Next we add the sugar.  The amount of sugar determines sweetness and specific gravity.

The more sugar the higher the specific gravity and the higher potential alcohol.  For a drier table wine, use less sugar.  For our table wine, we started with a specific gravity of 1.085.

That’s a little higher than I was shooting for, but it will still be a dry wine.  To use the hydrometer, I start by putting the hydrometer in the plastic tube it came in.  Then I use a liquid measuring cup and strain off a bit of the wine after it has been thoroughly mixed.  Set it on a flat surface and spin it to get rid of any bubbles.

They do make a fancy little device that lets you capture a wine sample without exposing it to oxygen, but it hasn’t made it to my gotta have list.  Also, the pros will tell you to get rid of the wine you test, but I just dump it back in.  I make a note of the specific gravity and record it in my calendar.  I have a calendar that I use just for winemaking.  Once we do a step, I’ll turn forward in the calendar to write the next step on the date it is to be done.  I already have next year’s calendar to start adding dates when we get there.

Next we place the wine into the primary fermentation vessel (aka a five gallon bucket).  You can get five or six gallon buckets that are food grade plastic and made with lids that will allow an airlock to be added.  They can then be used as a secondary vessel also.  I went cheap and easy–a new bucket from the farm store.

Because the first few days is rapid reproduction of the yeast, it does need some oxygen at this phase.  You also want it to be clean, so cover it with a towel and rubber band it.

While it is in the primary fermentation vessel, you want to make sure your wine is plenty warm, at least 70 – 75 degrees Fahrenheit.  I confess, we started ours just when the hurricane winds hit, and I had to move my buckets primary vessels to a warmer location.

Twenty-four hours later, we add the yeast nutrient.  This makes sure that there is plenty for the yeast to feed on.  Then we add the yeast.  To activate the yeast, put it in 1/2 cup of water that is between 100 and 105 degrees Fahrenheit.

One packet of yeast will do up to five gallons of wine.  I wouldn’t recommend actually pouring from this far up because it will cool so much, but it worked better for the picture.

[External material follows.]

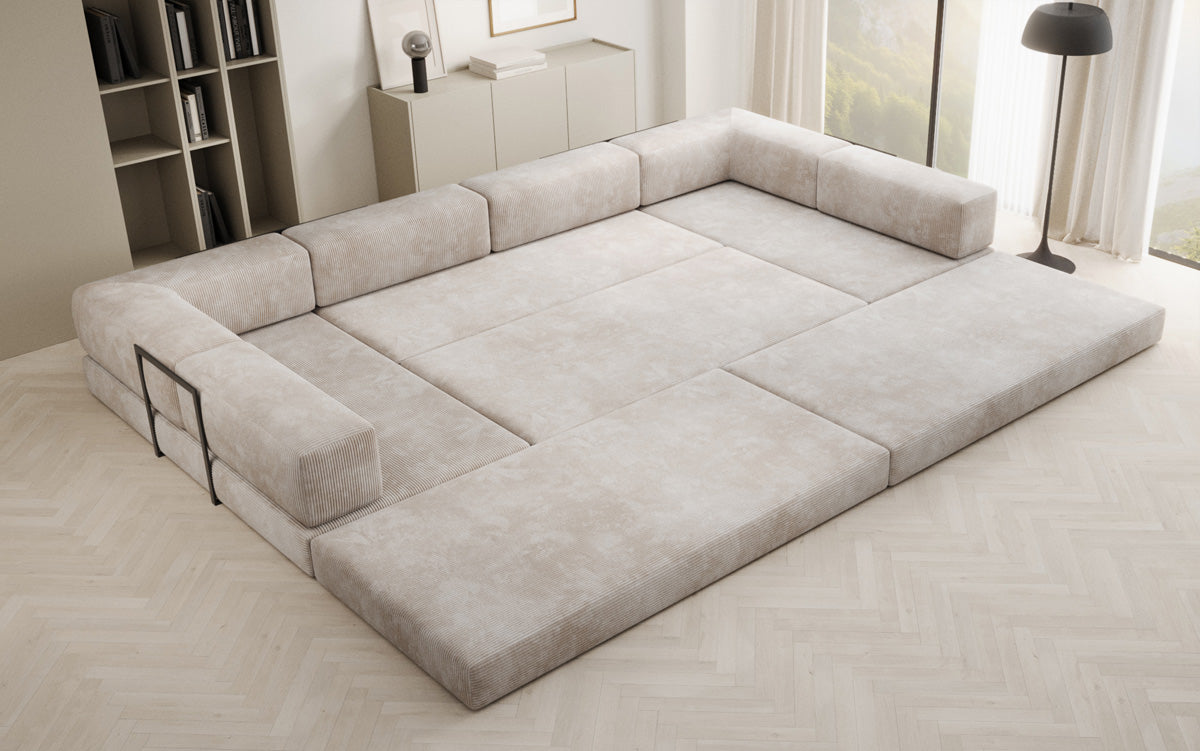 Designer Sofa Lazy U in Corduroy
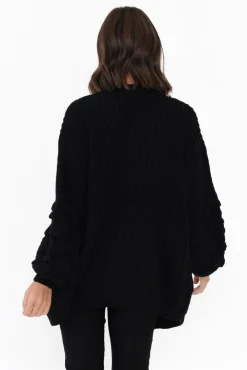 Knitwear<Willow Tree Malone Black Knit Cardigan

Stir it up, and let the yeasties go to work!  You’ll know it’s working because about twenty-four hours later, you’ll start smelling the yeast and alcohol.  As it works, you’ll see a must developing.  The must is the scummy stuff that is floating on top.  It doesn’t look too bad with the cherries there, but some of them look and smell nasty.

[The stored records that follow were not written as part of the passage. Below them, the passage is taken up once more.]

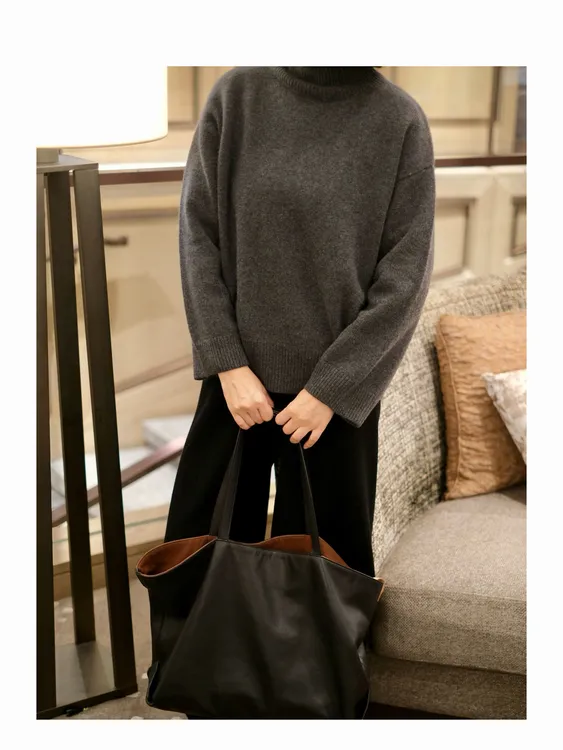 oldCEL1NE重磅康赛妮100羊绒高领宽松针织衫秋冬时尚保暖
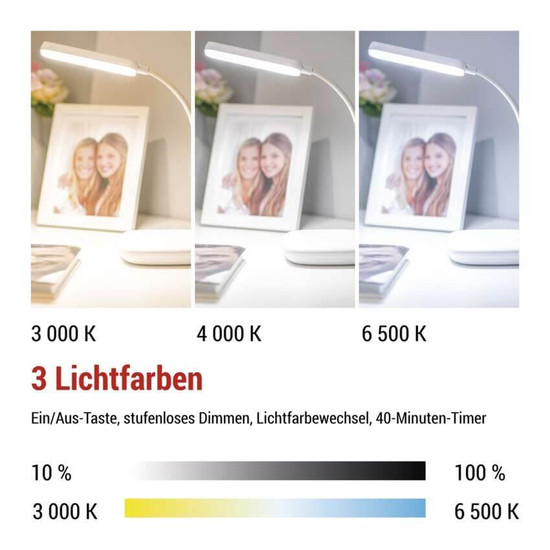 Emos LED Schreibtischleuchte 12W CCT warm-/neutral-/tageslichtweiss 3000K/4000K/6500K Weiß 30cm Z7638W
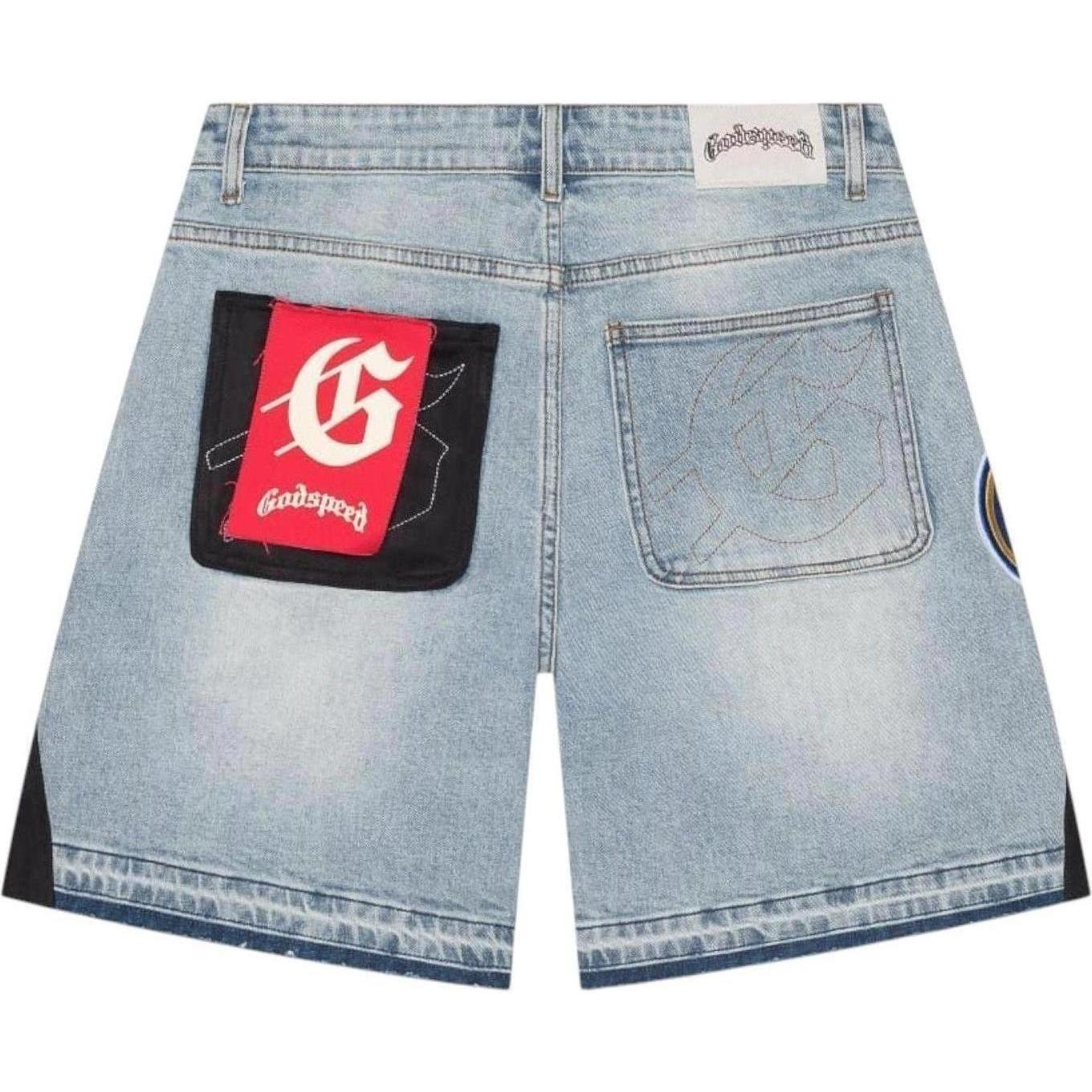 Godspeed Patchwork Denim Shorts V2 Blue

Twice a day, you need to submerge the must.  You don’t want it to dry out.  Use a wooden or preferably plastic spoon.  As soon as you start to stir, you’ll hear the fizzing of happy yeast!

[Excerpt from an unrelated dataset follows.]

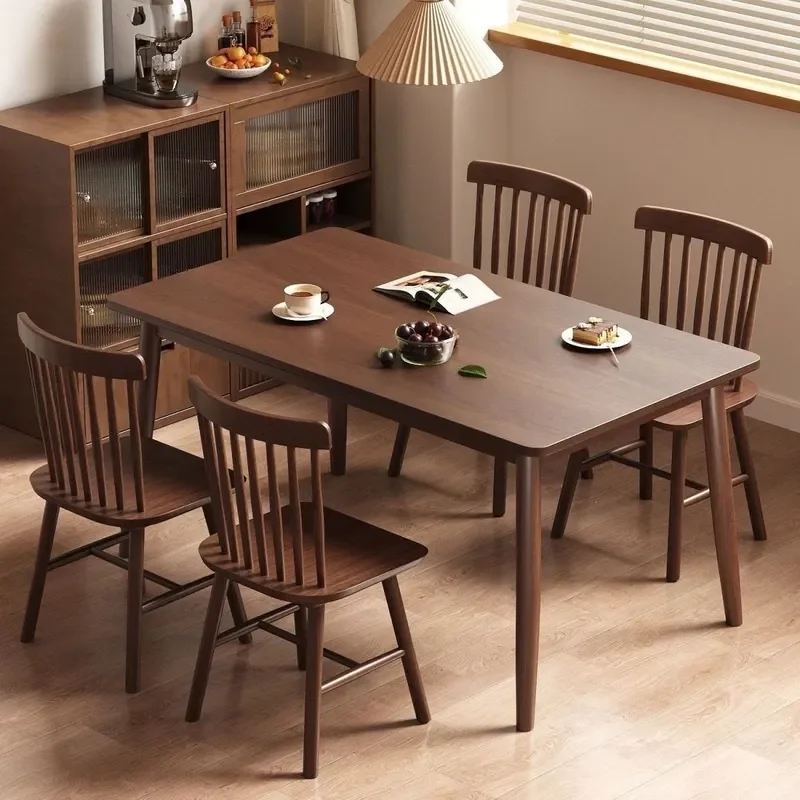 Nordic Solid Wood Dining Table Modern Minimalist Small Space Apartment Dining Table Set for 2-4 People Rectangular Long Table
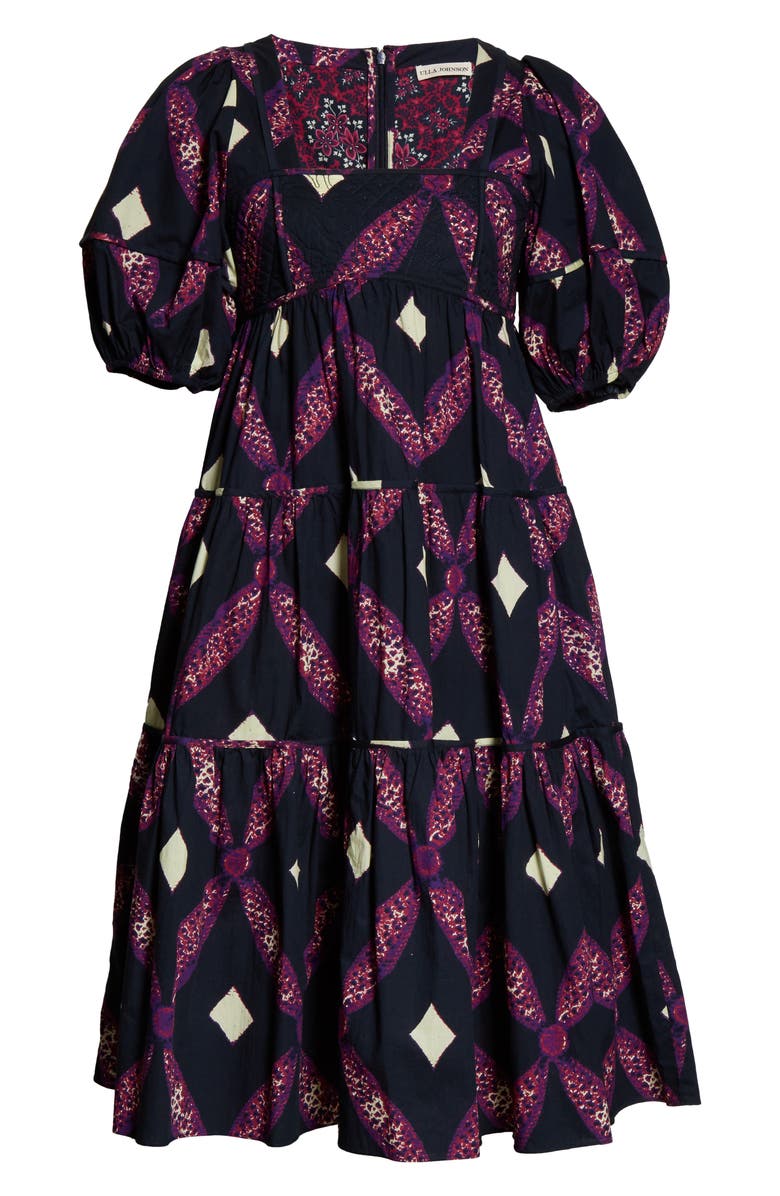 Ulla Johnson Nora Puff Sleeve Midi Dress, Alternate, color,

It’s completely bubbling with happiness at being submerged into that lovely sugary juice.

Cover it back up, and stir again in twelve hours.  Keep doing this until it is time to transfer.  Some recipes, like the Chapel, just tell us to wait five days and then transfer it.  Others tell you to transfer when the specific gravity falls to a specific level–for the Goliath, it is 1.040.

When we transfer, we are going from the primary fermentation vessel to the secondary.  Last year, we used plastic milk jugs.  This year, we have started buying glass carboys.  Start by sterilizing everything.

Because it hasn’t started with anaerobic (no oxygen) fermentation, we just pour it through a funnel.  Be sure to stir it first because you want to make sure any yeast that is on the bottom of the bucket gets mixed in.

Because the chapel has cherries floating in it, we have to put it through the straining bag first.  We poured it from one bucket to another.  Sorry there aren’t good pictures of this, but two boys, two five-gallon buckets, in the sink–no chance for good pictures.

Because it was an almost five-gallon bucket, we didn’t want to try pouring it into that itty bitty funnel.  Instead, we used the autosiphon.  You just pump it to create a suction and then let gravity work!

Once you have the wine in the carboy, you add an airlock.  Fill it about half full with water.  You can add a little bit of the sterilizing solution (sodium metabisulfite) to keep it from getting funky.  Keep an eye on it, and you can change it every few days if you need to.

The airlock should be in a bung that will seal the top of the carboy.  Notice that inside part is just sitting on the bottom.  As soon as you put the airlock on, it will start to have air come into it from the fermentation, and the inside part will start to be lifted up.  It is important to make sure the wine is very close to the top, within one to two inches of the bung.  You don’t want to leave a lot of air space because you are more likely to have your wine go bad.

Soon after you get the airlock on the wine, you’ll start seeing air bubbles coming out of the airlock.  This means fermentation is occurring.

Once you get everything ready, move the carboys to a cool place, about 65 degrees.  We keep ours in the basement.  Be careful because they are pretty heavy.  It won’t take long before you can see little air bubbles coming up to the surface.  Also, the fruit pulp and lees (dead yeast) are already settling to the bottom.

I realize there are a couple of carboys way too empty, but Brandon is bringing home some half gallon carboys to put that in right away.  Most of the wines are supposed to stay like this for about a month.  When we get to that point, we’ll show you how to rack and top off the wine.